Das frühere Kinder-Model Michael Egan III. hat Singer wegen sexuellen Missbrauchs verklagt. Der heute 31-Jährige wirft dem Regisseur vor, ihn Ende der 90er Jahre bei Partys in Kalifornien und auf Hawaii zum Sex gezwungen zu haben, als er selbst erst 15 bis 17 Jahre alt war. Dabei habe Singer seine Macht und Stellung in der Unterhaltungsindustrie ausgenutzt.

Der Regisseur habe ihn mit Drogen, Alkohol, Drohungen und Versprechungen gefügig gemacht, so Egan in einer Pressekonferenz. Er sei bei Hollywood-Partys von Gästen mit Alkohol abgefüllt und mehrfach vergewaltigt worden. "Für diese Leute war ich wie ein Stück Fleisch, sie haben mich herumgereicht", sagte das einstige Model, das durch den Kontakt zu Singer auf eine Filmkarriere gehofft hatte. Egans Mutter sagte, sie habe sich bereits im Jahr 2000 an das FBI gewandt, doch die Behörde habe keine Ermittlungen aufgenommen.

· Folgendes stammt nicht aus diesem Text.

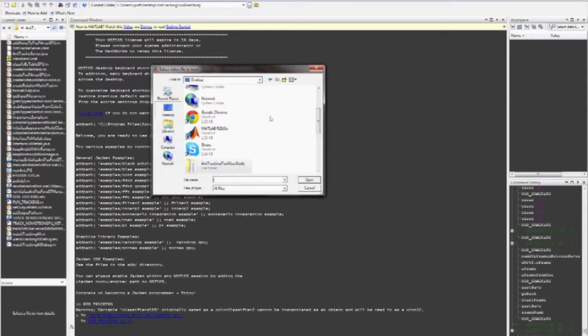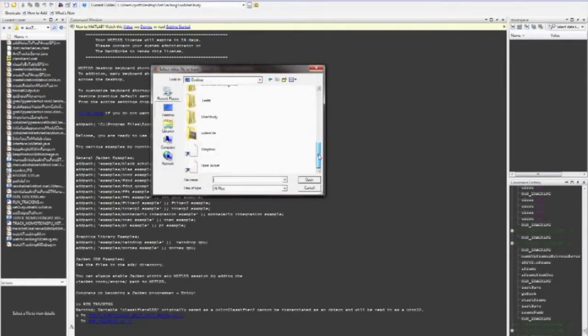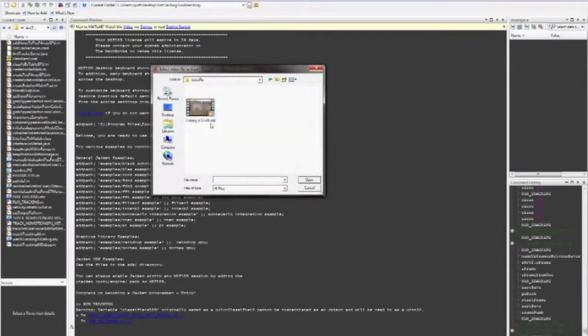A browsing window will appear. In this window, please find the video file containing the insects you would like to track.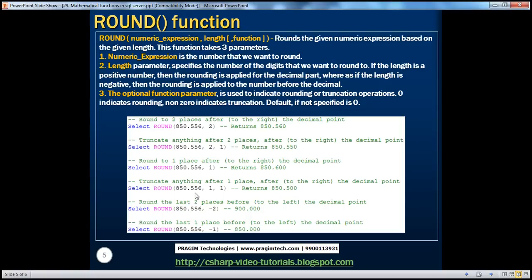When you specify a negative number, you tell the round function to round digits to the left of the decimal point. When you use a positive number, you tell it to round digits to the right of the decimal point. With these three parameters, you can achieve either rounding or truncation. The last example, rounding one digit to the left of the decimal place, returns 850.000.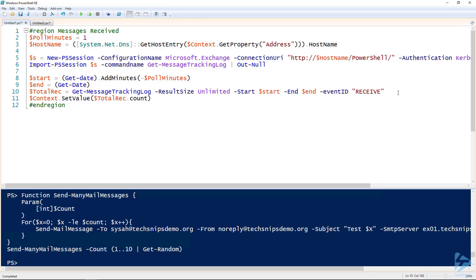That is how you use PowerShell and WhatsApp Gold to graph your email volume on an Exchange server. Thank you.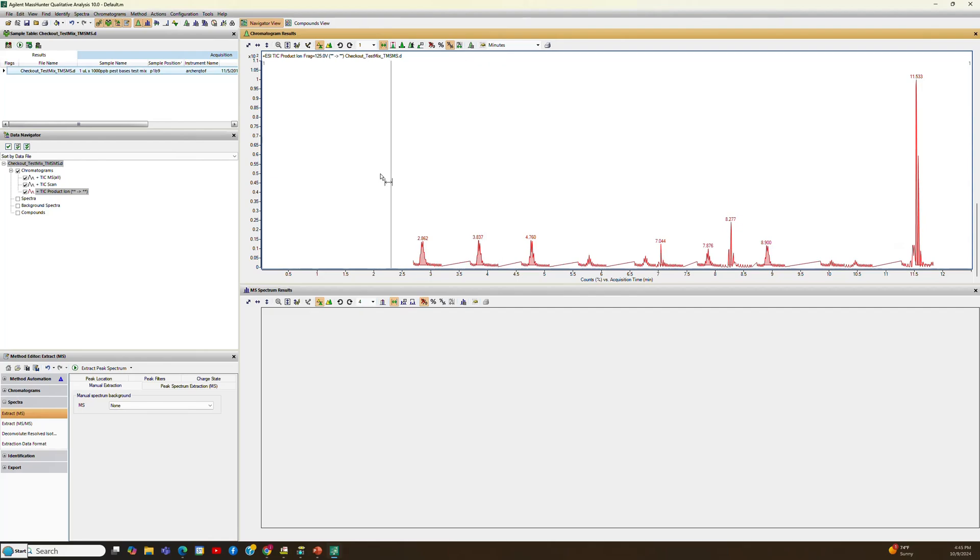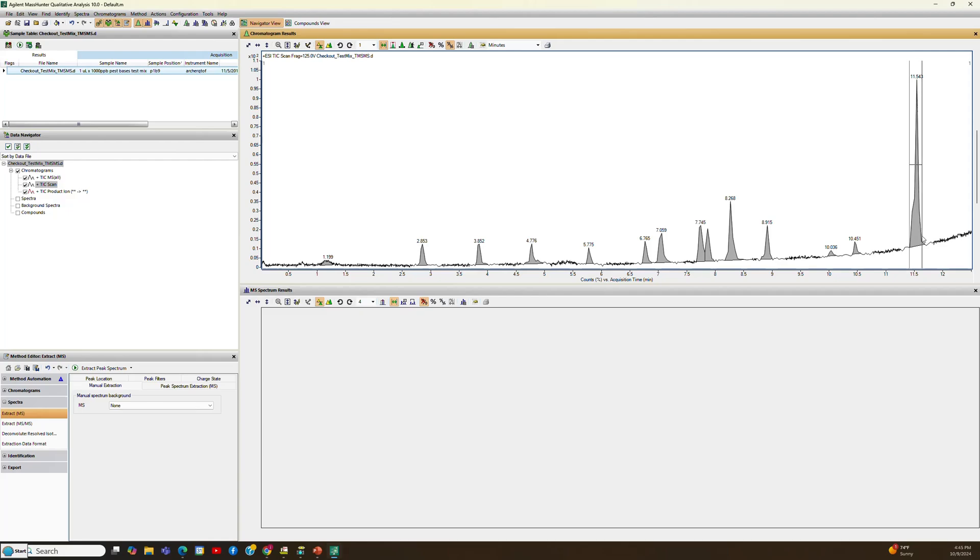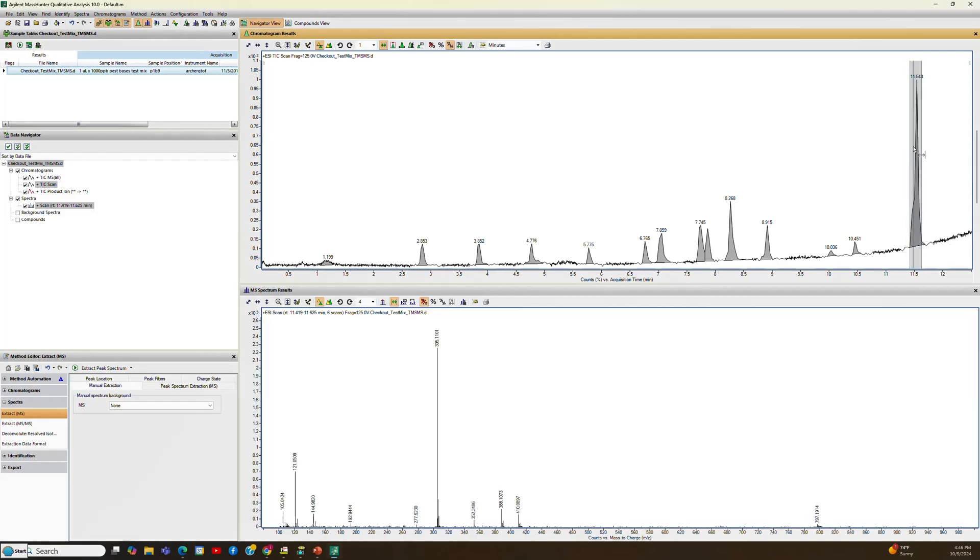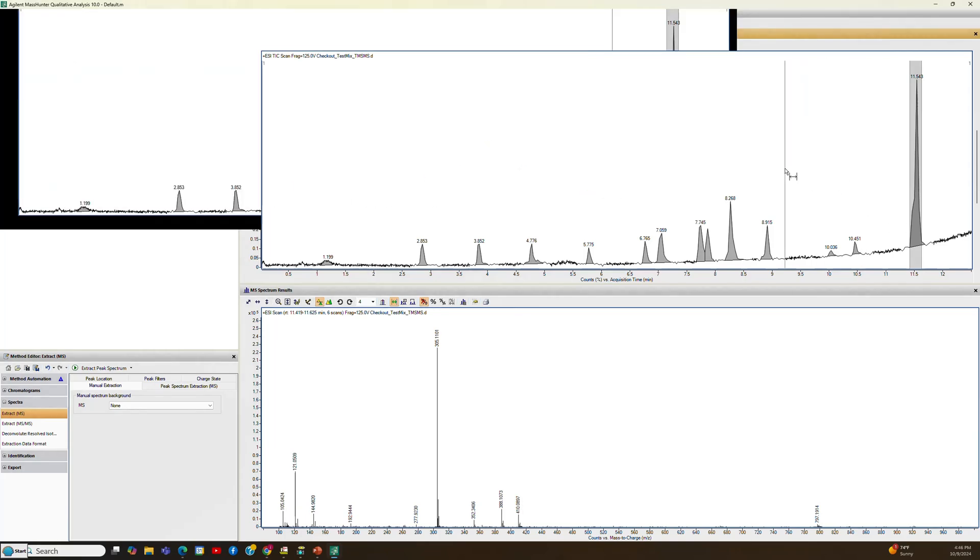So if we want to do a search, you can get the MS spectrum if you want to see what it looks like. I just select it, and then I double left-click on it, and you'll see that 305.1101, this is an MH-plus adduct for this species.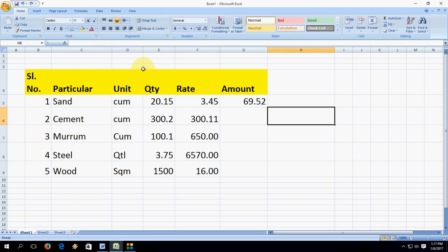Hey guys, welcome back again, I am MJ, I hope you all are doing well. This is a fan question — someone asked me how to make round off in Excel when your value is near 2.5. Someone also requested an easy tutorial because they watched a lot of tutorials about typical formulas, so they asked me to make an easy one.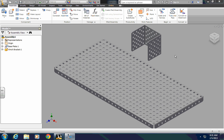Hello there. In this video, I'm going to show you how to use iMates to assemble VEX components in Autodesk Inventor.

Erst Jahre später Mut zur Klage

Neben Singer verklagt Egan noch drei weitere Männer aus der Film- und Fernsehbranche, darunter den ehemaligen Fox-Programmchef Herman Garth Ancier. Singer zählt zu Hollywoods erfolgreichsten Regisseuren. Neben "X-Men" und "X-Men 2" drehte er unter anderem "Superman Returns" und "Operation Walküre - Das Stauffenberg Attentat". "X-Men: Zukunft ist Vergangenheit" läuft im Mai in den Kinos an.

Egan sagte, er habe sich zunächst in den Alkohol geflüchtet, um über die Ereignisse hinwegzukommen. Im letzten Jahr habe er aufgehört zu Trinken und beschlossen, die angeblichen Täter vor Gericht zu bringen. Dazu musste er in Hawaii klagen, weil dort  auch Fälle vorgebracht werden können, die Jahre zurückliegen. Ein Anwalt des Regisseurs wies den Vorwurf des sexuellen Missbrauchs als absurd und erfunden zurück. Singer könne anhand von Flugtickets und Hotelrechnungen nachweisen, dass er in dem genannten Zeitraum 1999 nicht in Hawaii war, wo der Missbrauch angeblich stattgefunden hat. Vielmehr habe Singer damals in Toronto gedreht, berichtete das Promiportal TMZ.com unter Berufung auf den Anwalt.